From Molecules to Mixtures: Learning Representations of Olfactory Mixture Similarity using Inductive Biases
Create a conda environment:
conda env create -f environment.yml
conda activate pommix
The datasets
folder contains the olfactory properties of single molecules, obtained from the OpenPOM version of the GoodScents-Leffingwell (GS-LF) dataset. This folder also contains the olfactory similarity metrics for mixtures, contained in mixtures_combined.csv
obtained from Snitz et al. (2013), Bushdid et al. (2014) and Ravia et al. (2020). The SMILES strings of the components in the multimolecular mixtures can be found in mixture_smi_definitions_clean_found_duplicates.csv
.
The datasets
folder also contains the pre-determined random splits (prefix random
), cross-validation splits (prefix random_cv
), splitting by number of components in a mixture (in Figure 5a, prefix ablate_components
), and the leave-molecules-out splits (LMO, in Figure 5b, prefix lso_molecules
)
The datasets
folder contains the features used for the RDKit baselines mixture_rdkit_definitions_clean_found_duplicates.csv
and the principal odor map (POM) embeddings used for the XGBoost models mixture_pom_embeddings.npz
. To run the baselines, use the scripts and splits contained in the scripts/baseline
folder.
scripts/pom
contains the code to generate olfactory molecular embeddings by predicting the odor descriptors for a molecule based on the GS-LF dataset.
# run pretraining
# parameters determined from hyperparameter optimization
# model saved in `gs-lf_models/pretrained_pom`
python run_pretraining.py --depth=4 --hidden_dim=320 --dropout=0.1 --lr=0.0001 --tag='pretrained_pom'
scripts/chemix
contains the code to take mixture embeddings to predict the olfactory similarity of two mixtures. Pretrained POM is pulled from the previous step.

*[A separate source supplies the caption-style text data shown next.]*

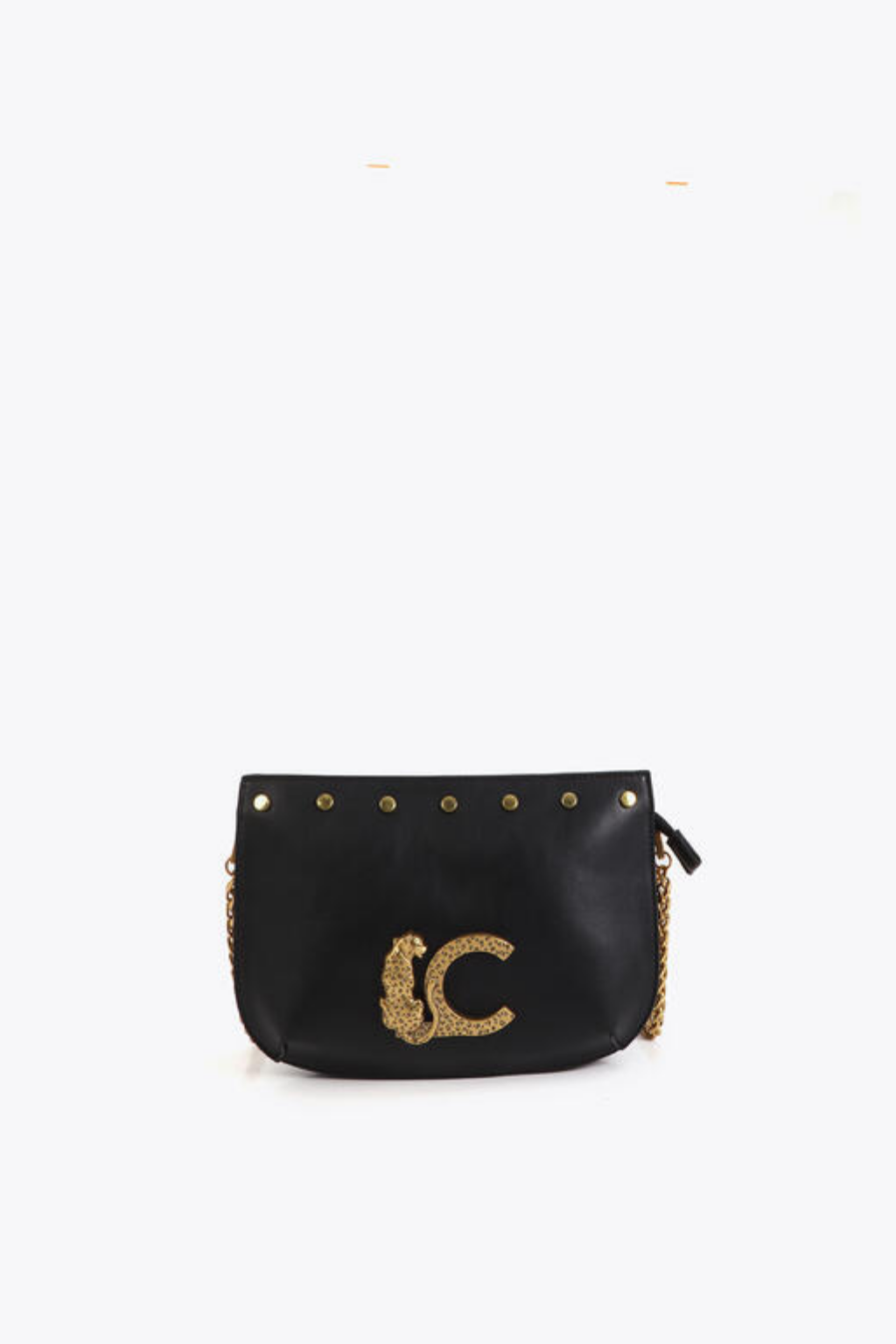 BOLSA TIRACOLO PRETA COM TACHAS - LOLA CASADEMUNT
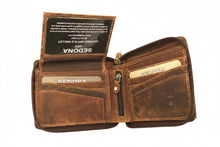 Load image into Gallery viewer, SEDONA® All around Zipper Wallet in Vintage Leather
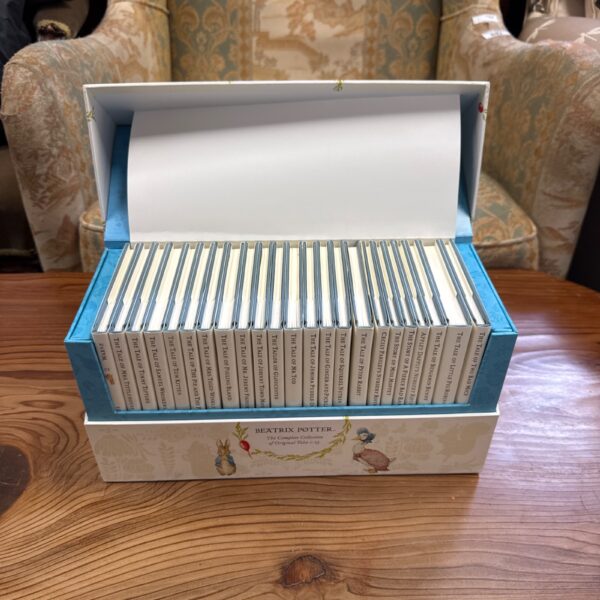Vintage boxed set of Beatrix Potter Peter Rabbit books.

# run chemix with pom embeddings
# parameters are from default.yaml, which are determined from hyperparameter optimization
# model saved in `results/{split_type}/`
python run_chemix.py --split={split_type}
scripts/chemix/data_utilities
contain scripts used to generate the mixture features and splits.
scripts/pommix
contains the code that trains both POM and CheMix end-to-end to improve the predictive performance of molecular embeddings generated from the POM. The POM model pulled from first step. The CheMix model is pulled from the same splits used as previous step.
# run POMMix
# parameters generated from previous steps
# model saved in `results/{split_type}/`
python run_pommix.py --split={split_type}
scripts/baseline
contains baseline models used for comparison. This includes Snitz baseline, and XGBoost with RDKit features.
To perform Snitz baseline, the three steps as detailed in the appendix are separated into 3 scripts:
python run_snitz_step1.py
python run_snitz_step2.py
python run_snitz_step3.py # final features are saved in `snitz_step3`
python run_snitz.py # results saved in `snitz_similarity`
To perform XGBoost models for either RDKit or POM features:
python run_xgb.py --feat_type={"rdkit2d", "pom_embeddings", "molt5embeddings"} # results saved in `xgb_{feat_type}`. Molt5 will need to be generated
All figures generated in the paper can be found using scripts found in the figures
folder -- most of them are in figures.ipynb
.
To further study the performance of the POM embeddings, we also test the use of MolT5 (Edwards et al. 2022) embeddings. The embeddings can be generated using the molfeat package. The script to generate the embeddings are created in the scripts/chemix/data_utilities/make_molt5.py
.
We use the embeddings with XGB in scripts/baseline/
and also CheMix scripts/chemix/
.
To test the GNN archiecture, we also perform experiments with the Graphormer and the GPS models, which have performed SOTA on larger datasets.
We direct the user to use the repository for Graphromer, we use the default of Graphromer-slim. For GPS, the script is found in scripts/pom/gpsconv.py
.
The model of CheMix has been modified with different prediction heads. The results are found in scripts/chemix/results/random_cv/
. We finally use the scaled cosine distance, which is reflected in the final model architecture.